Since self-publishing "Strokeland," Lamb has begun to speak to civic forums, book clubs and church groups. She's touched a nerve with audiences who are ready to hear a raw take on caregiving and her family's nuanced survival story.

While Lamb and her husband are living a life they could never have imagined, they have found their rhythm and created their traditions. While Lamb notes that some people find their annual Strokeversary to be morbid, she thinks it suits them.

"Our family is accustomed to ambivalent anniversaries. We adopted our daughters from China and we celebrate what adoptive families call Gotcha Days. As the girls have gotten older, they recognize — and we do, too — that adoption is not all happiness. As toddlers, they were wrenched out of the only culture they knew," she said.

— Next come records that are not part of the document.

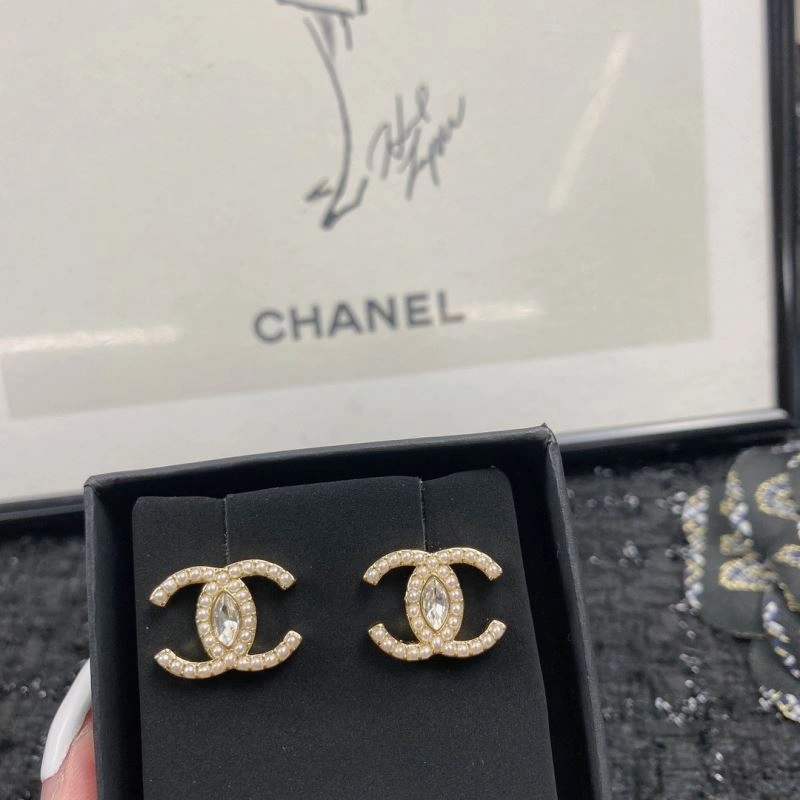 Chanel Earrings RelaxedFit 230210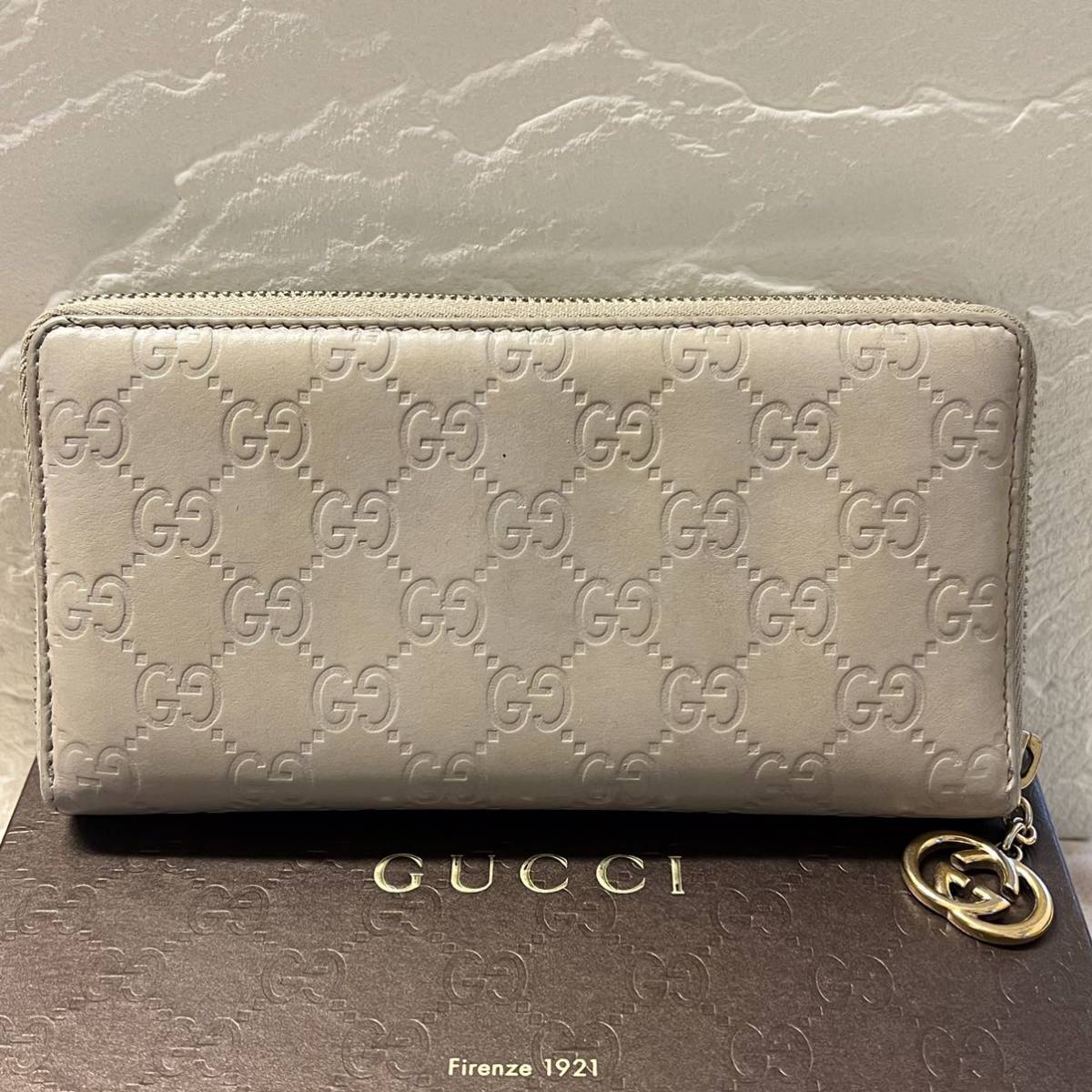 新品同様！ GUCCI 財布 シマレザー GG金具 グッチ 長財布 ラウンド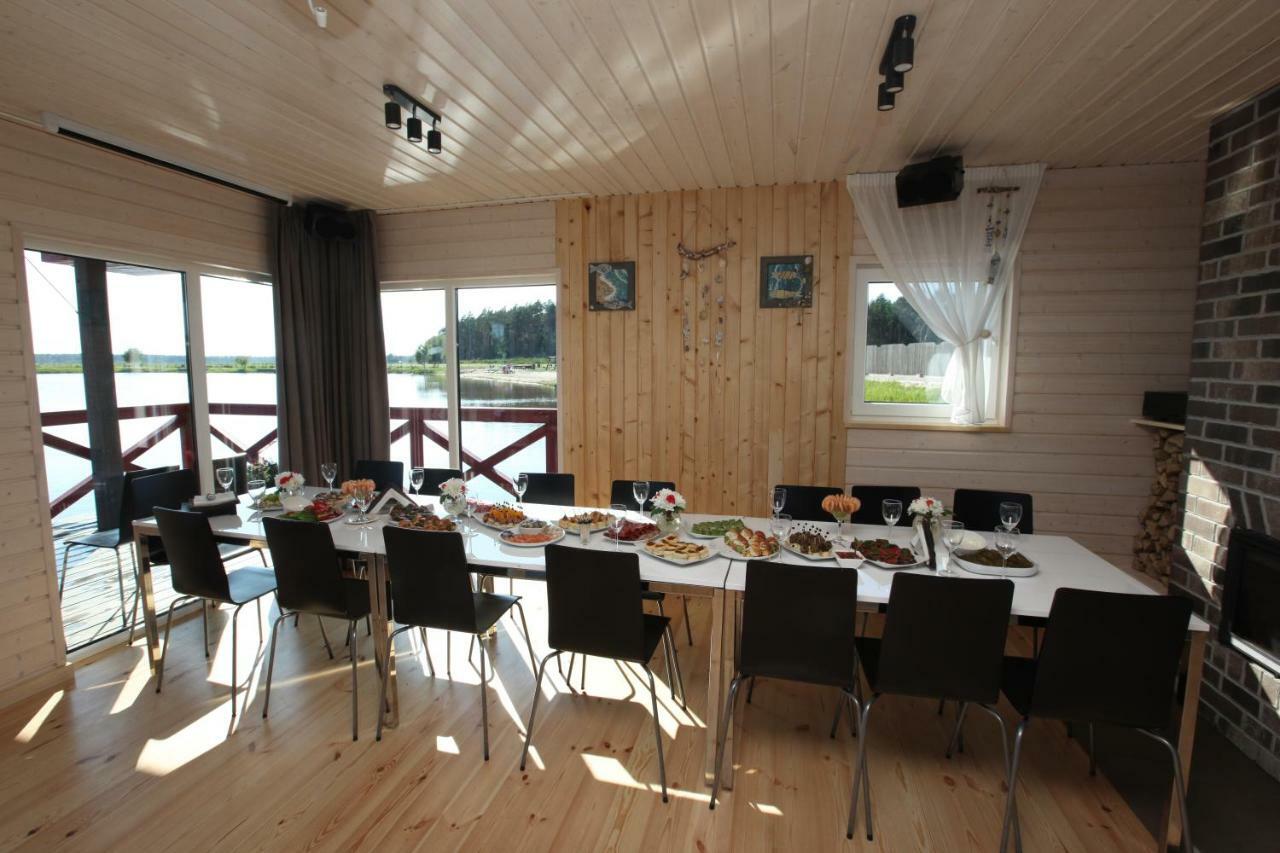 Karpu Dikis-Kempings Viesites Jaunmārupe Exteriér fotografie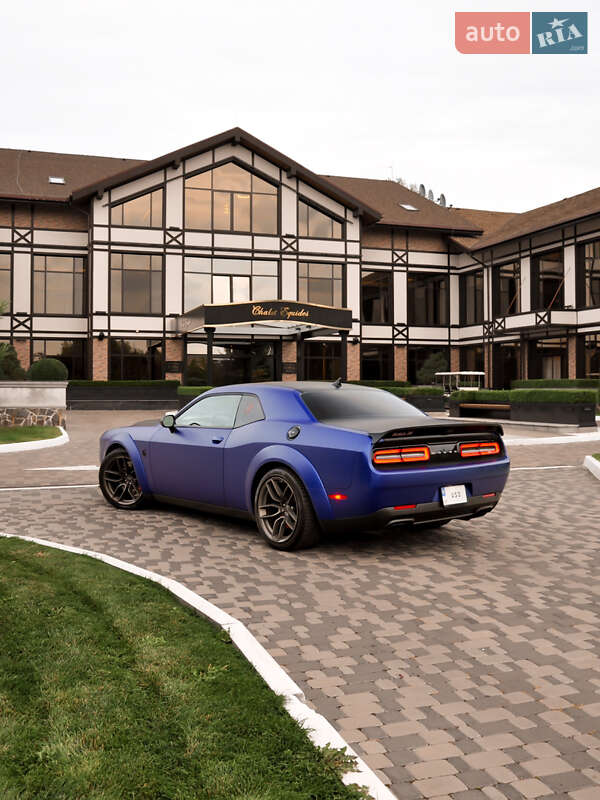 Купе Dodge Challenger 2019 в Киеве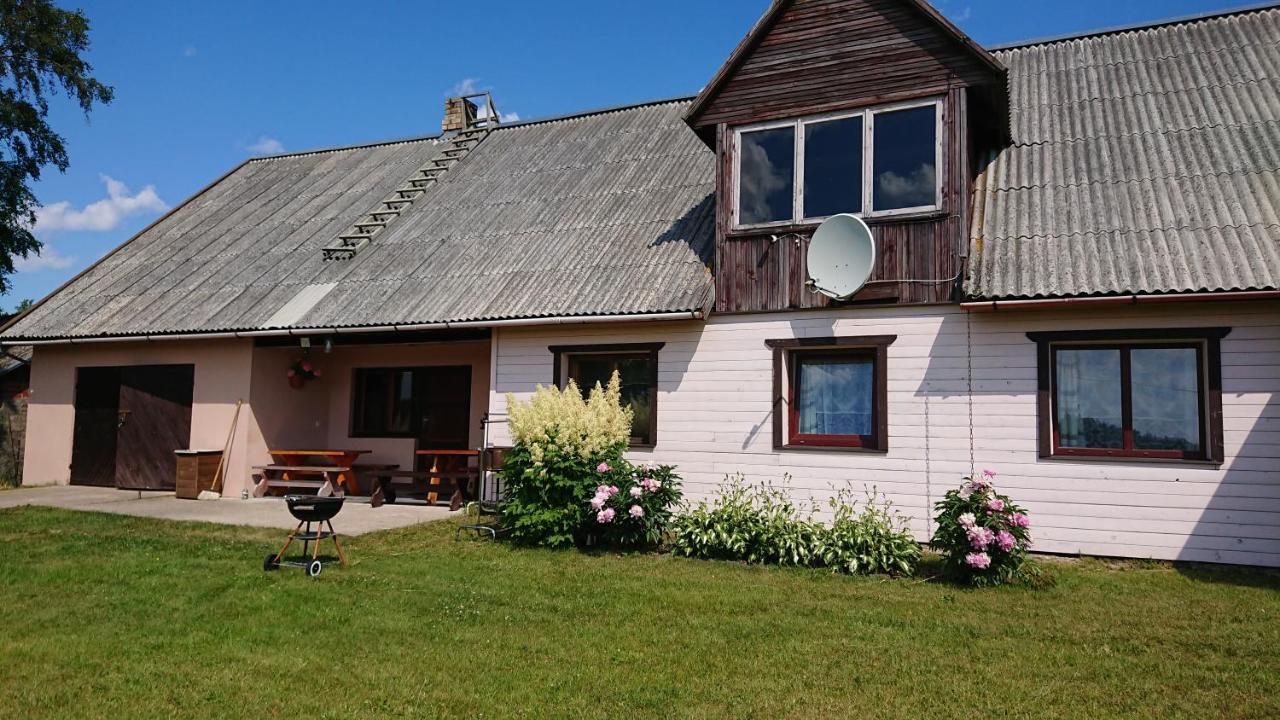 Apartamento Dzivoklis Pirmie Zalmezi Jurkalne Exterior foto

While nothing could prepare a family for the upheaval of life after such a profound medical event, Lamb believes their adoption experience laid the groundwork for what came next in ways they never could have anticipated.

"Every July, we celebrate the fact that Rob is with us, and is better, but we also recognize the loss that is part of the whole situation," she said. "In the book I say, we honor the happy fact that he still lives and loves among us."

Kevyn Burger is an award-winning Twin Cities writer and broadcaster.